In Part 1, I introduced VTune, the profiling workflow, and the program to be profiled. The first step of the profiling workflow is building the target program. It’s important that the target is built with compiler optimizations turned on. In this part, I’ll provide an introduction to analysis types.
Before you do anything, you have to define the purpose of profiling. What are you looking for? In this tutorial, you’ll be looking for hotspots. A hotspot (or hot spot) is a region of a computer program or computer system that causes an amount of activity that is significant with respect to the rest of the system. This definition is more general than the one mentioned in Wikipedia. Typically, the activity of interest is program execution. In this case, a hotspot would be a region of the program in which a significant portion of the total execution time is spent in.
Finding hotspots is not the only possible reason to profile. Other reasons include finding errors, discovering parallelization opportunities, understanding how threads or processes interact with each other, and analyzing the utilization of particular I/O devices or system resources. If you want to improve performance but not sure where to start, you can refer to the performance tuning methodology.
In this tutorial, I’ll show you how to find performance hotspots in the password cracking program.
VTune Projects and Analyses
A VTune project is a collection of analyses. A project has only two properties: a name and a directory where analyses results are stored. So go ahead and create a project and name it whatever you want (stay calm and choose a descriptive name).
A VTune analysis is a pair of configuration and profiling results (which are generated after target terminates). In the VTune GUI, you will see two tab for configuring an analysis called Analysis Target and Analysis Type. Go to the Analysis Target tab and select the appropriate options as discussed in here.

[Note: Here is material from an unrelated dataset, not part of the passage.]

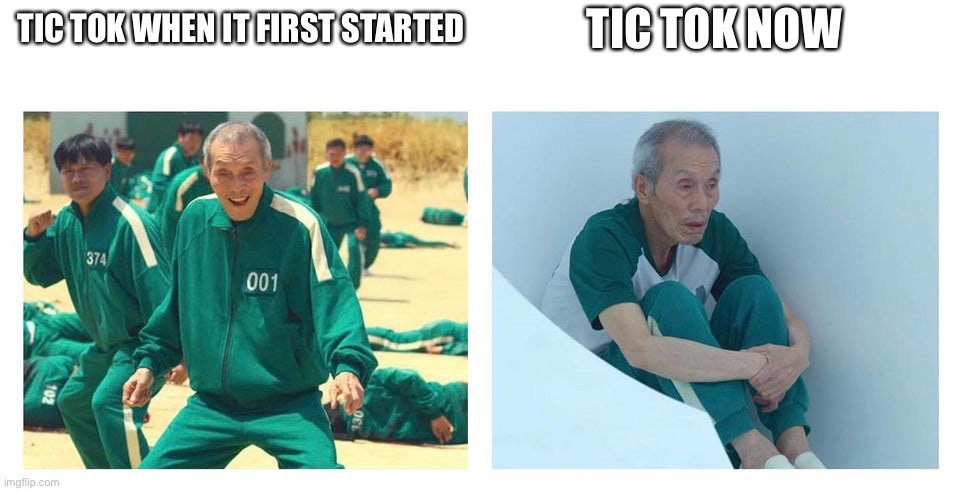 Tic tok then and now | TIC TOK NOW; TIC TOK WHEN IT FIRST STARTED | image tagged in squid game then and now | made w/ Imgflip meme maker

The are three techniques for profiling: sampling, instrumentation, and software event subscription. Sampling is the process of periodically interrupting execution to capture the state of the program or system at the point of interruption. Instrumentation is the process of inserting pieces of code, called instruments, into the program at locations of interest. These instruments gets executed along with the program and collect information about its behavior. Typically, instrumentation is much more accurate than sampling but has a much larger overhead. VTune uses both techniques. It uses Pin to handle instrumentation and manage the execution of the target process. Software event subscription requires that the runtime or the operating system to report events about the behavior of the system. The profiler can subscribe callbacks to listen to some of these events. VTune supports this method of profiling through Instrumentation and Tracing Technology (ITT) APIs. There are two ways to do sampling:
Time-Based Sampling (TBS)
Time-based sampling, also known as Software Collection or User-Mode Sampling and Tracing Collection, uses the timer interrupt to interrupt all threads of a process and capture the required information. It’s described as user-mode sampling because it does not require a kernel-mode driver to capture samples (as opposed to event-based sampling).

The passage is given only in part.